The lack of predictable data protection spend cycles means that sometimes funds just can’t be allocated and IT is forced to cobble a solution (workaround) together to provide some means of protection. Finding funds is especially problematic when IT budgets are flat or declining. While creative, workarounds increase risk. The workaround may not provide frequent enough protection nor provide rapid enough recovery.

There is also a ripple effect of stretching the data protection process to protect a new application or environment in that it may leave incumbent environments more exposed to data loss or slower than originally promised recovery times.

The lack of budget planning also forces organizations to continue to use legacy data protection platforms that don’t have advanced abilities regarding backup performance, rapid recovery, cloud support, and long-term data protection. These legacy platforms often require dedicated administration which increases the total cost of ownership.

Even if the organization decides to switch data protection platforms, it may not be able to since costs typically increase temporarily as the new solution is brought in and the old solution is phased out. For a time, the organization needs to run both solutions, and during that time, costs are effectively doubled.

In addition to increasing requirements like more frequent backups, more rapid recovery and increased data retention, the unprecedented growth of production data forces organizations to add additional secondary storage capacity. Secondary storage is typically bought dozens (if not hundreds) of terabytes at a time, which means a significant upfront cost when the current secondary storage system runs out of capacity.


While data protection planning and budgeting are essential, the reality is that most organizations won’t or can’t plan for “the spend.” To be fair, they do the best they can, planning and budgeting for production spending. A new method of acquiring IT solutions is required, but it has to be a solution that doesn’t force IT to move everything to the cloud.

Consumption-based IT is the answer. It enables IT to keep its resources on-premises, but the organization only pays for the resources that are actually in use.

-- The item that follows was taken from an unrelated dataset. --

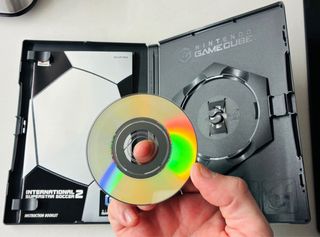 ISS 2 International Superstar Soccer GameCube PAL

It eliminates the high costs and low utilization associated with upgrades. Finally, it provides active capacity management that regularly tracks IT resource utilization and adjusts IT spending accordingly.

In our next blog, “Why Data Protection as a Service is Unpredictable,” we discuss that while the cloud helps with the predictability problem, it isn’t the total answer. In the meantime, learn more about consumption-based IT and how it enables a more predictable data protection infrastructure. Watch our on demand webinar, “Consumption-Based Data Management Providing Peace of Mind.”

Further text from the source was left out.